How will devastating Midwestern flooding affect ethanol in the United States?

Farmers were already quietly suffering from a crisis. Falling incomes, rising debt and falling land values ​​have ravaged America’s Corn Belt in recent years without making headlines. Then came the devastating floods of mid-March.

Early estimates of livestock and crop losses in Nebraska alone exceed $ 1 billion. Some state farmers are feeding stranded cattle by boat, while the Nebraska National Guard has resorted to pushing hay bales out of helicopters. Cattle are not the only assets in the agricultural value chain that are blocked.

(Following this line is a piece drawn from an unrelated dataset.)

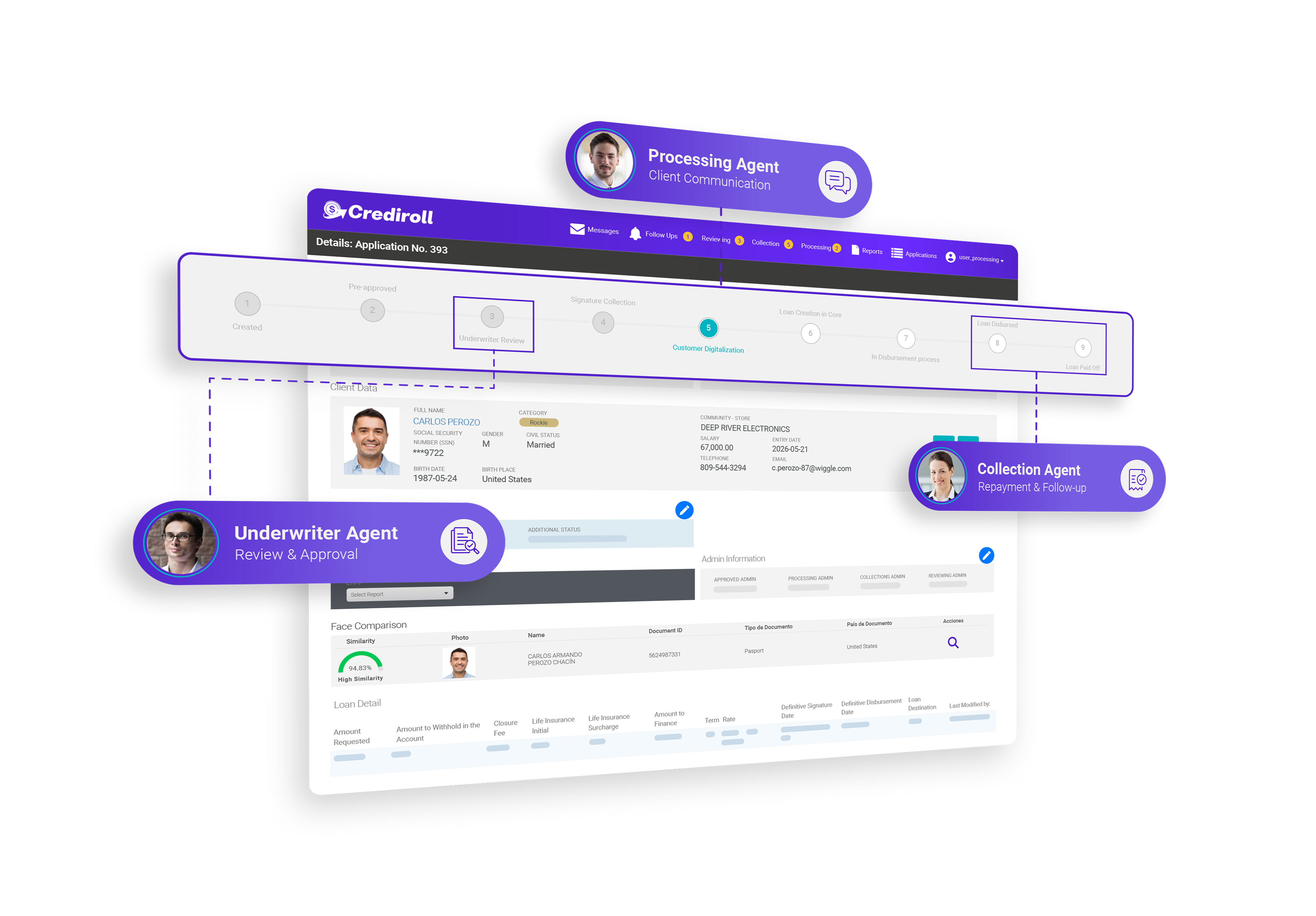 Loan pipeline stages connected to processing, underwriting and collection agents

A number of ethanol production facilities have ceased operations after nearby rail lines were submerged. Idling could have national consequences, as Nebraska and Iowa alone account for 40% of the country’s total production. This guarantees shareholders of ethanol producers such as Archer Daniels Midland (NYSE: ADM), Valero Energy (NYSE: VLO), and Green plains (NASDAQ: GPRE) will need to prepare for an impact on the results of the first quarter – and possibly the entire year – 2019.

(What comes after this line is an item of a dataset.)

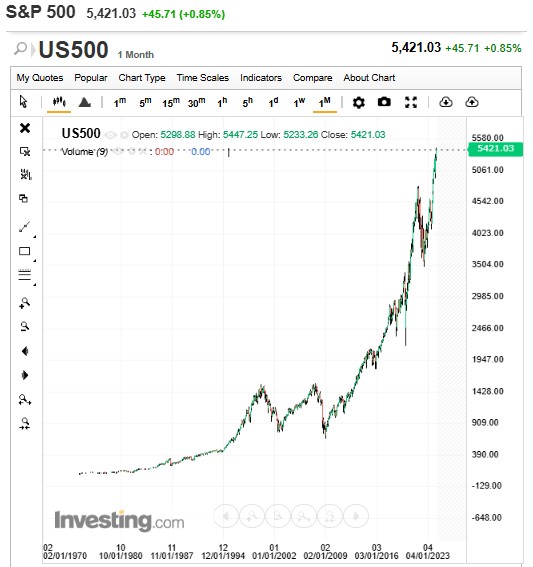 S&P500.png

Image source: Getty Images.

A complicated situation

A first report from Reuters estimates that 13% of ethanol production capacity in the United States has been decommissioned as a result of flooding that cut rail lines. This includes installations that have been completely inactive and those that are operating at reduced throughput. There has been no conclusive word on the direct impact on all of the facilities owned by major Nebraska and Iowa ethanol producers, but each has a significant presence in the states based on one million gallons per year (mmg / year) capacity:


Archer Daniels Midland

Valero Energy

Green plains

Nebraska and Iowa ethanol facilities, annual capacity

5 installations, 1,191 mmg / year

6 establishments, 789 mmg / year

7 establishments, 539 mmg / year

Percentage of the company’s total ethanol production




Data source: Renewable Fuels Association.

It is important to consider that Archer Daniels Midland and Valero Energy are much more sheltered from the volatility of the ethanol market than Green Plains, due to their primary agricultural processing and petroleum refining activities, respectively. The agricultural titan generated less than 6% of total revenue and less than 2% of total ethanol operating income in 2018, although larger parts of its business are also affected by the floods. Valero relied on ethanol for about 3% of its total sales and operating profit last year.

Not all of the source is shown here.